The University of Phoenix also has several new automation projects in the works. The institution is currently developing an enterprise platform that will enable increased use of ML and automation across a wide range of student and staff journeys, Smith says.
“This engine will be deeply integrated into our data lake to enable truly individualized student support at the right time, through the best channel,” he adds.
The university also plans to continue to improve student support by continuing to automate increasingly complex tasks in matriculation, transcript processing and student financial aid.
“Recent advances in the ability to consume unstructured documents and natural language processing are enabling a new set of complex tasks to become candidates for automation,” says Smith.
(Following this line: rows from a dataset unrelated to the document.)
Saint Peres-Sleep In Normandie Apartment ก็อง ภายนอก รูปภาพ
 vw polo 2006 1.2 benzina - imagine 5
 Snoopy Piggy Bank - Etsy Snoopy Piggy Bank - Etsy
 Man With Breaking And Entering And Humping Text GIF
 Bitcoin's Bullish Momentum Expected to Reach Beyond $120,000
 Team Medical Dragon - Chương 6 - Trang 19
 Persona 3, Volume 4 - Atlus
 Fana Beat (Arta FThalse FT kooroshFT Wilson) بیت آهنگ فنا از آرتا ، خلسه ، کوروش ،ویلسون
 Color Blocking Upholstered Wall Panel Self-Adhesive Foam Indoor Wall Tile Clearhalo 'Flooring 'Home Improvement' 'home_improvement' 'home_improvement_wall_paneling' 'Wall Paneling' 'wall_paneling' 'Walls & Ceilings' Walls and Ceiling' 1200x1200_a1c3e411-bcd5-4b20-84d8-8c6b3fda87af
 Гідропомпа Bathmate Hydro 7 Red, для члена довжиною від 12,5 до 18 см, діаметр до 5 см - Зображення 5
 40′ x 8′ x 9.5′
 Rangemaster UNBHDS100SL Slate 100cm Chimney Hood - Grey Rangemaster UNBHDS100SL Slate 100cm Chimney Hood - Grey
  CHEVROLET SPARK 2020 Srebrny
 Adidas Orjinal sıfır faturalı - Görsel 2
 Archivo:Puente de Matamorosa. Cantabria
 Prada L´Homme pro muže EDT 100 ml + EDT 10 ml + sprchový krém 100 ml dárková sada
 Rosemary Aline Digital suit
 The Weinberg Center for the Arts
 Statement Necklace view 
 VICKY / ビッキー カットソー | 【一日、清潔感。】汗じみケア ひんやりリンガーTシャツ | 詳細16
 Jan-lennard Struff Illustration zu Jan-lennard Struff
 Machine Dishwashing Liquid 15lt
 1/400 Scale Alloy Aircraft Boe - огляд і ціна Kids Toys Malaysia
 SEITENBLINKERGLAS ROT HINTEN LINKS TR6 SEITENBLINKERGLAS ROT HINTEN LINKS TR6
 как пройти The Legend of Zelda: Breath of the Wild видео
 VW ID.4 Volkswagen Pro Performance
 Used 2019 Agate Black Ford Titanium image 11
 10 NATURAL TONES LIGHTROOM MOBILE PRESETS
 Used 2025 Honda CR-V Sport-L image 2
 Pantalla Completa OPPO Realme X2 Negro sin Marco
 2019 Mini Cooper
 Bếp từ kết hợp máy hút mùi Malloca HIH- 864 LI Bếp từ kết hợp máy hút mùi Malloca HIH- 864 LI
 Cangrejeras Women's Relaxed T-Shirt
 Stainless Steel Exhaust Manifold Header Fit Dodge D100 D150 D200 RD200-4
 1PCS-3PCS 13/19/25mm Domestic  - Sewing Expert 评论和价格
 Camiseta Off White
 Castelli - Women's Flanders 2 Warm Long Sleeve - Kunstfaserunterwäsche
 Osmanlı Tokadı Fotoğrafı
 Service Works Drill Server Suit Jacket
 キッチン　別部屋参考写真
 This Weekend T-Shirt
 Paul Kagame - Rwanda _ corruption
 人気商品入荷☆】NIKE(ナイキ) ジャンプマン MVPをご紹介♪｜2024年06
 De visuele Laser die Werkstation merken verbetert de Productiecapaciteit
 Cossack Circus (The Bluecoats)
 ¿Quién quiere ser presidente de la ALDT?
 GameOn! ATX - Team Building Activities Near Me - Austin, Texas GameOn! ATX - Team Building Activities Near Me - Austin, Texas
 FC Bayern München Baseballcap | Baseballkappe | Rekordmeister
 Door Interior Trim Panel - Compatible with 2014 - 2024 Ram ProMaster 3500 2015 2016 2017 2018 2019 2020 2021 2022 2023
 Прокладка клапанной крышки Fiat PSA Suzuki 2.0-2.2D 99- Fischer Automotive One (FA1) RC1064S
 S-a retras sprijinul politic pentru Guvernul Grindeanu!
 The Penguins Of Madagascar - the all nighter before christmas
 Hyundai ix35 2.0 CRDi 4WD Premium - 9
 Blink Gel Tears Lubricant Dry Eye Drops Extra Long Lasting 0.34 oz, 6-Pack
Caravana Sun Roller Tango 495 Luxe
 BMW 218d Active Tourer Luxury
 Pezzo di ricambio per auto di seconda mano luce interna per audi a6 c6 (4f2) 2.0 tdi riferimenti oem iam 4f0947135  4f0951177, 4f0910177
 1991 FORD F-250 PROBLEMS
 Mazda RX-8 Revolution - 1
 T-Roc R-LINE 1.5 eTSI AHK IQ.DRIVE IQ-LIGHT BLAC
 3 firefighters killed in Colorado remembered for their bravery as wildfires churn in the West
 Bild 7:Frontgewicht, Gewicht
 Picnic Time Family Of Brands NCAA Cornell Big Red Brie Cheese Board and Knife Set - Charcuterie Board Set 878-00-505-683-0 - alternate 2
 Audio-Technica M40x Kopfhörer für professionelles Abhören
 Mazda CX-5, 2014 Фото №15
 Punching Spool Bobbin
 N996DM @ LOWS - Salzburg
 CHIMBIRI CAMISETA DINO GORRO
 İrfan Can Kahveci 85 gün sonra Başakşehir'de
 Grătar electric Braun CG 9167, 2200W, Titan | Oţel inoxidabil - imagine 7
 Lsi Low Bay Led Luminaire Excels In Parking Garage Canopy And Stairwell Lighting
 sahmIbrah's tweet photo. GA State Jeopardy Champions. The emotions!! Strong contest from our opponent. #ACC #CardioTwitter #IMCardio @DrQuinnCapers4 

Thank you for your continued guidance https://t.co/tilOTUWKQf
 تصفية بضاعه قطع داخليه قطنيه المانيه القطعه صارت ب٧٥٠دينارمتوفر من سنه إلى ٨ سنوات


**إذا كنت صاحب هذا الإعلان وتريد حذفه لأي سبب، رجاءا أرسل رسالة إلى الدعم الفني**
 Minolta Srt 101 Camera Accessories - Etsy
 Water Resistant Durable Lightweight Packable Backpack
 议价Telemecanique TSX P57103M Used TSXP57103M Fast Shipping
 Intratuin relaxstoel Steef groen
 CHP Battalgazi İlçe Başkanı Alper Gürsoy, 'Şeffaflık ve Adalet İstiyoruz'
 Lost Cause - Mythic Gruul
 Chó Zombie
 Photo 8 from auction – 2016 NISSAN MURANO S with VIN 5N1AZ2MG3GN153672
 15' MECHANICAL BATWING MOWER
His team is creating platforms and systems by which they can effectively scale and drive automation safely and reliably. After all, he says, there’s nothing less effective than automating a process that shouldn’t exist. Automation combined with AI should significantly help businesses make faster decisions, optimize business processes and drive higher efficiency rates, says Elumalai. “It has the potential to improve business KPIs through auto-discovery, auto-healing solutions and creating new channels to improve the end-user experience,” he says.